UK MPs gather info on pensions freedom windfall spending

UK MPs gather info on pensions freedom windfall spending

UK MPs gather info on pensions freedom windfall spending

British lawmakers are gathering evidence of how pension savers are using their tax free pension freedom cash withdrawals of up to 25 per cent.

The information is to be discussed during parliament’s Work and Pensions Committee’s pension freedom inquiry on the success or failure of the relatively new scheme. The pension freedom legislation was introduced in April 2015, in spite of governmental fears the 25 per cent tax-free withdrawals would be wasted on luxury cars, long holidays overseas and other un-British excesses. The results of the inquiry are expected to be a mix of disastrous excess and frugal money management, with some benefiting and other wishing they hadn’t succumbed to wants rather than needs.

One retirement saver apparently blew his 25 per cent tax-free sum and blew it all on a new car, gambling and drinking, although his history of dealing with the financial side of everyday living had marked him as the ideal candidate for the scheme. After he’d had the time of his life, he returned to his old lifestyle of stability and monetary common sense.

Another told the committee he’d purchased a shepherd’s hut in order to rent it out to holidaymakers wanting to experience old-style life. His pension fund was worth a modest £46,000, an amount which could have given him an annual annuity-based lifetime income of £1,600. His shepherd’s hut now nets him rentals of £6,000 a year, making up his annual retirement income to just under £19,000. He’s now 60 years of age, and told the committee pensions freedoms were the only decent thing the then Chancellor had done for him.

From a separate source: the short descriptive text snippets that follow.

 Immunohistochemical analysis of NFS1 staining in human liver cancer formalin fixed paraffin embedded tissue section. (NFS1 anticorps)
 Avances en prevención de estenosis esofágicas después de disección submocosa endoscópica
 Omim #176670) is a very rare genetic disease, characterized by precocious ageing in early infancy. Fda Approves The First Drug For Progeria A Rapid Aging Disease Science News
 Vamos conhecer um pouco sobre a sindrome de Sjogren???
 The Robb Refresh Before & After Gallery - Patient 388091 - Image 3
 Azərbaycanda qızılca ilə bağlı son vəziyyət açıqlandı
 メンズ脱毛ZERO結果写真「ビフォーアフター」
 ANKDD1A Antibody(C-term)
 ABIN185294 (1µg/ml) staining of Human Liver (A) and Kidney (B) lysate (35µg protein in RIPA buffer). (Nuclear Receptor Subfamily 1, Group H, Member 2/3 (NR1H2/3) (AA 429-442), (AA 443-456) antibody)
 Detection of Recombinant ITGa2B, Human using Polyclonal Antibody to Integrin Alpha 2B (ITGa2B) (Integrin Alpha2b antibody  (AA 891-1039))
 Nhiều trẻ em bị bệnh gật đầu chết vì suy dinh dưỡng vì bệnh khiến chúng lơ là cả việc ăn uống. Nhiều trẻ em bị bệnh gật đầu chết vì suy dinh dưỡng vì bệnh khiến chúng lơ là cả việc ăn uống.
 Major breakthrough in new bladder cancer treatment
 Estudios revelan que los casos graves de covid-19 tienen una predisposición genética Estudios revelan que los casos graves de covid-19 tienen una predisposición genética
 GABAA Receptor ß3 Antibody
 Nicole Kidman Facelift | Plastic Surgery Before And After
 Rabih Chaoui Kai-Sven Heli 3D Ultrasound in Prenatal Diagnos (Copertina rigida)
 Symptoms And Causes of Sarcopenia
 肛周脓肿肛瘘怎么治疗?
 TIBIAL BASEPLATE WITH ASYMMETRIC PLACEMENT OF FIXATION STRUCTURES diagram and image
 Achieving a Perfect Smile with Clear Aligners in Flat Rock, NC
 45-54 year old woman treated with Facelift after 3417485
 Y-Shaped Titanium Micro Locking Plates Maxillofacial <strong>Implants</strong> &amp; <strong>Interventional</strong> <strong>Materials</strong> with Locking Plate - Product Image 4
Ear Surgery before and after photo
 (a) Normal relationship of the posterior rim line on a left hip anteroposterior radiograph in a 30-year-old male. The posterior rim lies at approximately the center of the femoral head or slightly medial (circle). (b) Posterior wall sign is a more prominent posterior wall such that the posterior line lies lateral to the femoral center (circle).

An illustration of the possible benefits of pension freedoms was provided by a saver who’d taken a lump sum early in order to avoid having to breach the so-called ‘lifetime allowance’. He bought a boat and left the rest of his cash invested. If he’d just left his entire savings alone, the fund would have topped the one million pension savings limit and been taxed at 40 per cent.

The downside, according to a number of frustrated pension savers, was HMRC’s upfront tax grabs at excessively high rates on their withdrawals, plus the time it took to refund the cash. MPs heard suggestions that the British taxman should change its rules and speed up the process of refunding. For upcoming retirees who intend to use their 25 per cent withdrawals to help get them settled as expatriates overseas, it makes sense to get professional advice well in advance of leaving the UK, thus allowing enough time for HMRC’s wheels to grind slowly.